# Figure 1: Cross-entropy Loss Across Models and Authors

This notebook generates Figure 1 from the paper, which shows:
- **Part A**: Training curves showing cross-entropy loss over epochs for each model
- **Part B**: Strip plot showing loss distributions per model on held-out test data

As described in the paper:
> "We train a GPT-2 model on each author's corpus and use the trained model to compute the cross-entropy loss on held-out texts from both the target author and each of the other authors in the dataset. By comparing these losses, we assess whether the model captures author-specific stylistic patterns."

In [None]:
# Import required libraries
import pandas as pd
import numpy as np
import matplotlib.pyplot as plt
import seaborn as sns
from pathlib import Path
import warnings
warnings.filterwarnings('ignore')

# Set style for publication-quality figures
plt.style.use('seaborn-v0_8-whitegrid')
sns.set_palette('husl')

In [None]:
# Load the consolidated model results
data_path = Path('../data/model_results.pkl')
df = pd.read_pickle(data_path)

print(f"Loaded {len(df):,} rows from {df['model_name'].nunique()} models")
print(f"Authors: {sorted(df['author'].unique())}")
print(f"Seeds: {sorted(df['seed'].unique())}")

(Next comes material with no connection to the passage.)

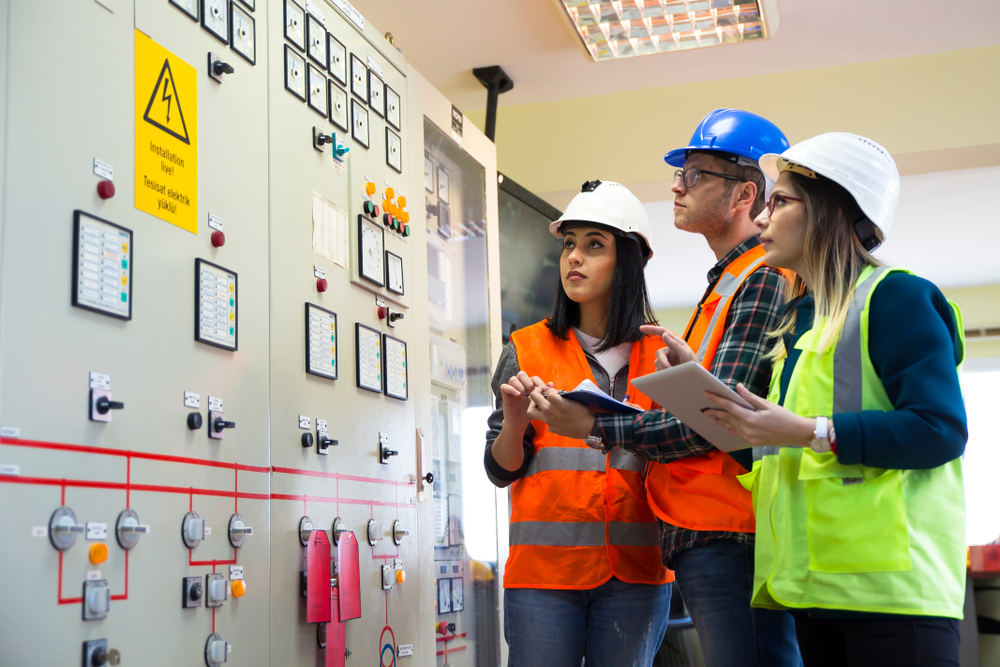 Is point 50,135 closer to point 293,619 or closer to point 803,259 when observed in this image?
point 293,619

## Part A: Training Curves

This plot shows the average cross-entropy loss on training data and held-out test data from each author, plotted as a function of the number of training epochs. Each color denotes a model trained on a single author's work. Error ribbons denote bootstrap-estimated 95% confidence intervals over 10 random seeds.

In [None]:
# Define standardized author colors and order
AUTHOR_COLORS = {
    "baum": "#1f77b4",
    "thompson": "#ff7f0e",
    "austen": "#2ca02c",
    "dickens": "#d62728",
    "fitzgerald": "#9467bd",
    "melville": "#8c564b",
    "twain": "#e377c2",
    "wells": "#7f7f7f",
}

AUTHOR_ORDER = ["baum", "thompson", "austen", "dickens", 
                "fitzgerald", "melville", "twain", "wells"]

In [None]:
def plot_training_curves(df, max_epochs=1000, sample_every=10):
    """Plot training curves for all models."""
    
    fig, axes = plt.subplots(3, 3, figsize=(15, 12))
    axes = axes.flatten()
    
    # Plot for training data and each evaluation author
    datasets = ['train'] + AUTHOR_ORDER
    
    for idx, dataset in enumerate(datasets):
        ax = axes[idx]
        
        for train_author in AUTHOR_ORDER:
            # Filter data for this training author and dataset
            subset = df[
                (df['train_author'] == train_author) & 
                (df['loss_dataset'] == dataset) &
                (df['epochs_completed'] <= max_epochs) &
                (df['epochs_completed'] % sample_every == 0)  # Sample for performance
            ]
            
            if len(subset) == 0:
                continue
            
            # Calculate mean and confidence intervals
            grouped = subset.groupby('epochs_completed')['loss_value']
            mean_loss = grouped.mean()
            std_loss = grouped.std()
            count = grouped.count()
            
            # Calculate 95% CI
            ci = 1.96 * std_loss / np.sqrt(count)
            
            # Plot
            ax.plot(mean_loss.index, mean_loss.values, 
                   color=AUTHOR_COLORS[train_author], 
                   label=train_author.capitalize(), 
                   linewidth=1.5, alpha=0.8)
            
            # Add confidence interval
            ax.fill_between(mean_loss.index, 
                           mean_loss.values - ci.values,
                           mean_loss.values + ci.values,
                           color=AUTHOR_COLORS[train_author], 
                           alpha=0.15)
        
        ax.set_title(f"Evaluation: {dataset.capitalize()}" if dataset != 'train' 
                    else "Training Data", fontsize=12)
        ax.set_xlabel('Training Epochs', fontsize=10)
        ax.set_ylabel('Cross-entropy Loss', fontsize=10)
        ax.set_xlim(0, max_epochs)
        ax.set_ylim(2.5, 5.5)
        ax.grid(True, alpha=0.3)
        
        if idx == 0:
            ax.legend(loc='upper right', fontsize=8, ncol=2)
    
    # Hide the last subplot (we have 9 subplots but only 9 datasets)
    plt.suptitle('Figure 1A: Cross-entropy Loss Across Training', fontsize=14, y=1.02)
    plt.tight_layout()
    
    return fig

In [None]:
# Generate Figure 1A
fig_1a = plot_training_curves(df, max_epochs=1000, sample_every=10)
plt.show()

# Save the figure
output_path = Path('../paper/figs/source/all_losses_generated.pdf')
fig_1a.savefig(output_path, dpi=300, bbox_inches='tight')
print(f"Saved Figure 1A to {output_path}")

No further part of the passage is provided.